HopeIsAll
Dołączył: 23 Kwi 2013
Posty: 2
Przeczytał: 0 tematów
Ostrzeżeń: 0/5
|
Wysłany: Wto 20:16, 23 Kwi 2013 Temat postu: Miłość > zdrowie > dobra materialne |
|
|
Chcialbym miec dziewczyne. Taką ktora by mnie kochala tak bardzo jak ja ją.
Zbyt wiele stracilem aby moglo byc lepiej. Nie zaznalem milosci, prawdziwej przyjazni, bliskosci innych osob. Juz jest za pozno. Mlodosc juz przeminela teraz bedzie tylko gorzej.
Chcialbym miec kogos kto mnie pocieszy kogo ja moge pocieszyc i przytulic w trudnych sytuacjach, chce miec kogos na kim moge polegac.
Moje serce sie rozpada na kawalki. Za kazdym razem gdy mysle o niej, gdy wyobrazam sobie jak moglo by wygladac moje zycie u jej boku, a nastepnie gdy uswiadamiam sobie ze to jest tylko złudne marzenie dla mnie nieosiagalne, kontrastujace z rzeczywistoscia - tym jak jest naprawde, czuje taki dziwny ucisk na sercu ktory sprawia ze jest mi smutno i mysle o najgorszym.

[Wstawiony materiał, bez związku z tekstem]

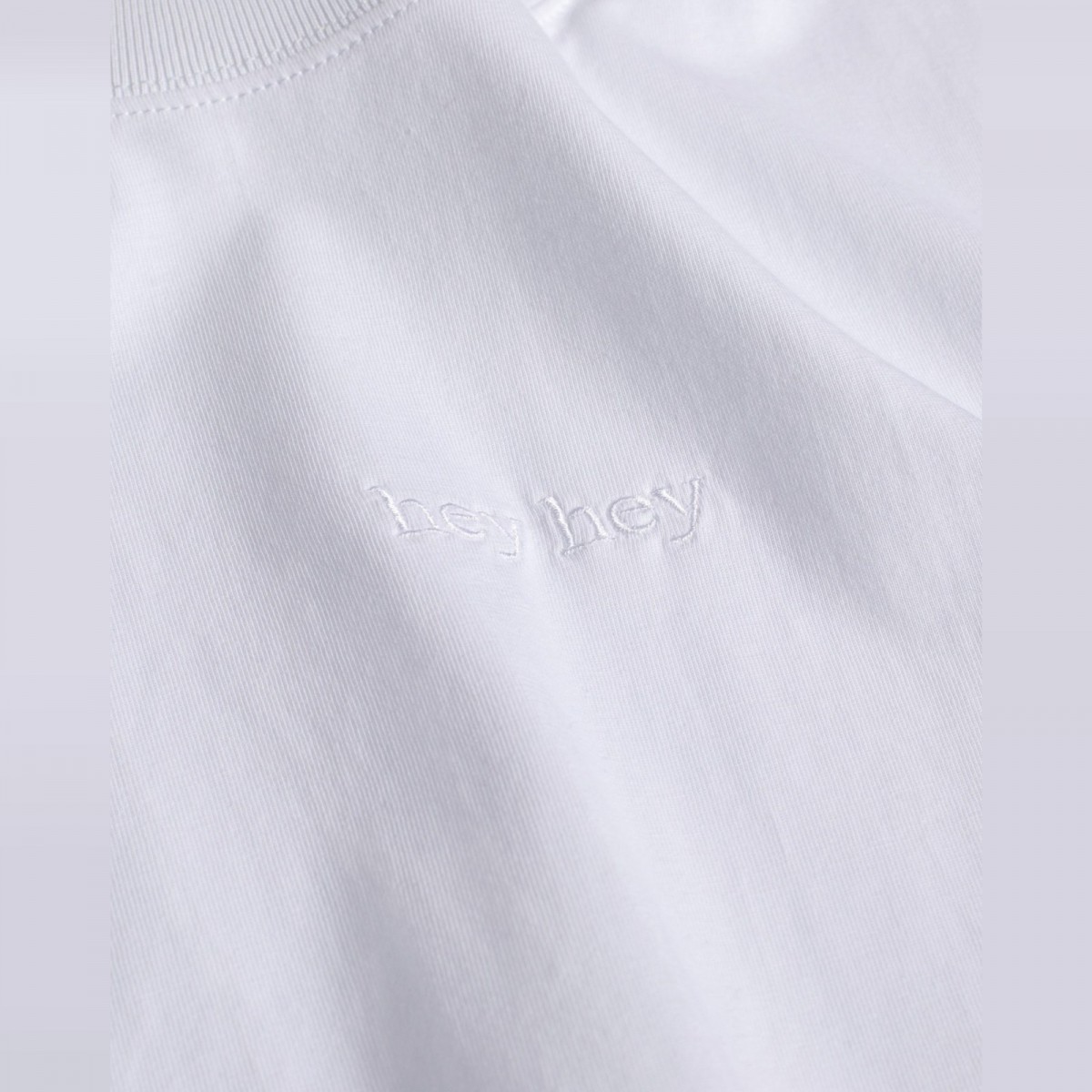 Essential T-Shirt Weiß – Damen – hey hey studios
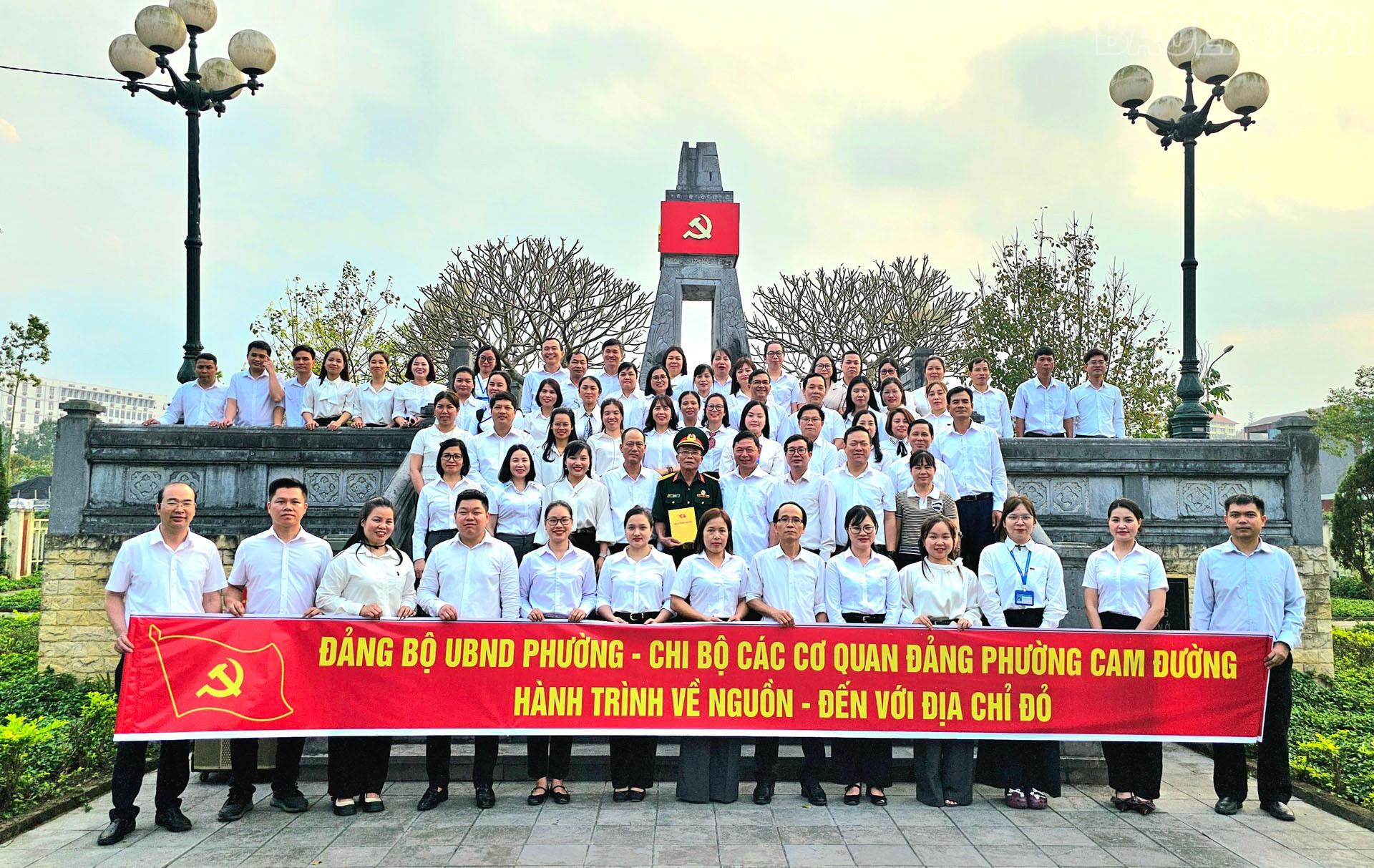 Hoạt động "Hành trình về nguồn - đến với địa chỉ đỏ" góp phần đổi mới nội dung, phương thức sinh hoạt chi bộ theo hướng thiết thực, gắn lý luận với thực tiễn, nâng cao chất lượng sinh hoạt chi bộ. baolaocai-tr_1000106363.jpg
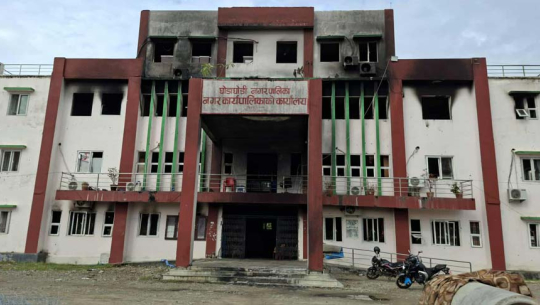 घोडाघोडी र गौरीगङ्गा नगरपालिकाको नियमित सेवा सञ्चालनमा समस्या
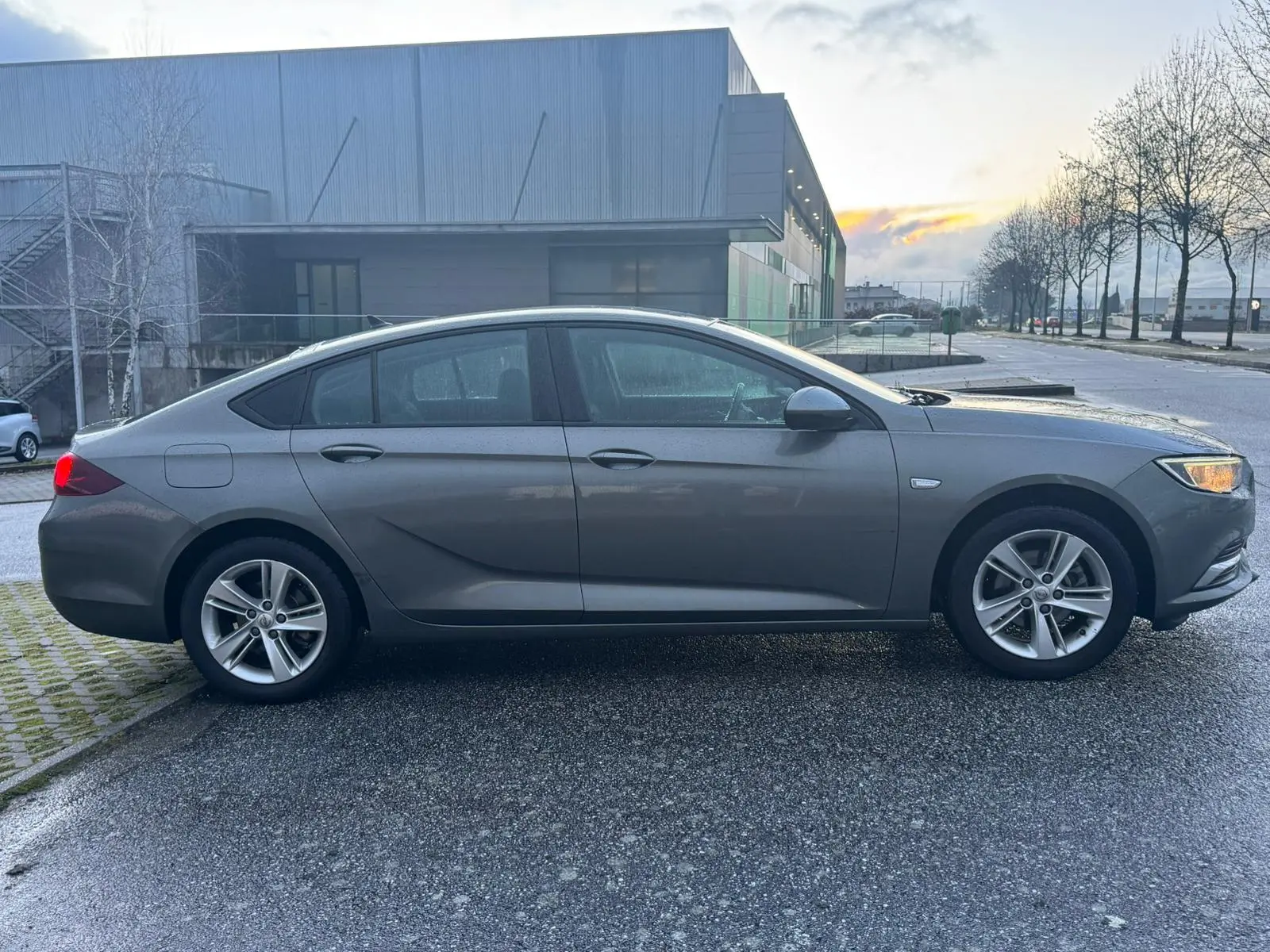 Opel Insignia Grand Sport 1.6 CDTi Business Edition 9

Potrafie sobie wyobrazic jak moglo by wygladac moje zycie gdybym byl normalny, mial przyjaciol z ktorymi mile spedzal czas, mial dziewczyne dla ktorej oddalbym wszystko. Gdyby wszystko przychodzilo mi z latwoscia, kazda normalna czynnosc byla dla mnie czyms naturalnym.
Potrafie sobie wyobrazic zycie ktore sprawia mi radosc i daje powody do dalszej egzystencji.
Chcialbym byc optymistą, miec nadzieje ktora da mi sile. Chce miec powod do zycia.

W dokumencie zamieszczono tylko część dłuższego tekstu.